Others deserving honorable mention
* “MAMA SANG A SONG” (Stan Kenton, No. 32, 1962) — This was the top-selling version of this one. To hear Walter Brennan’s rendition, click here, and to hear Bill Anderson’s version, click here.
* “THE MEN IN MY LITTLE GIRL’S LIFE” (Mike Douglas, No. 6, 1966) — A Top 10 recording for Mike Douglas, who sang with the Kay Kyser orchestra in the ’40s and had his own TV talk show for years.
* “I.O.U.” (Jimmy Dean, No. 35, 1976) — Dean’s touching ode of thanks to his mother.
* “HISTORY REPEATS ITSELF” (Buddy Starcher, No. 39, 1966) — A commentary by a former DJ in Baltimore, Philadelphia and Miami.
* “TIL DEATH DO US PART” (Bob Braun, No. 26, 1962) — Recorded by a Cincinnati television talk show host.
* “THE TEEN COMMANDMENTS” (Paul Anka, George Hamilton IV and Johnny Nash, No. 29, 1959) — Performed by three young recording artists on the ABC Paramount label.
* “HOT ROD LINCOLN” (Johnny Bond, No. 26, 1960) — Bond was a singer/actor who appeared in more than 50 films.

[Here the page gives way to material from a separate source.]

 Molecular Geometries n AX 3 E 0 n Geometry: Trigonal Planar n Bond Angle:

To hear a 1960 rendition by Charlie Ryan, click here, and to hear Commander Cody & His Lost Planet Airmen from 1972, click here.
* “KING HEROIN” (James Brown, No. 40, 1972) — The Godfather Of Soul with a commentary on heroin misuse.

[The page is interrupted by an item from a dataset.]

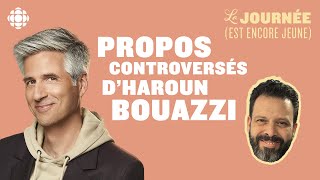 Propos controversés d’Haroun Bouazzi  le résumé d’Olivier Niquet  La journée est encore jeune [upl. by Ardnuassac]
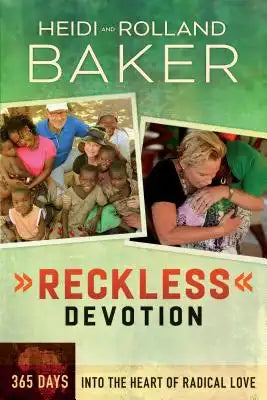 Reckless Devotion: 365 Days Into the Heart of Radical Love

* “TEDDY BEAR” (Red Sovine, No. 40, 1976) — A sad trucker/CD tale from the West Virginia C&W singer-songwriter.
* “DON’T BLAME IT ON THE CHILDREN” (Sammy Davis Jr., No. 37, 1967) — A fine narrative from the multi-talented performer.
* “DUTCHMAN’S GOLD” (Walter Brennan, No. 30, 1960) — Another spoken-word classic from Brennan, backed by Billy Vaughn’s orchestra.
Many of the above spoken-word classic recordings provide much food for thought, and it’s a near-certainty that most listeners will shed at least a tear or two when listening to some of them.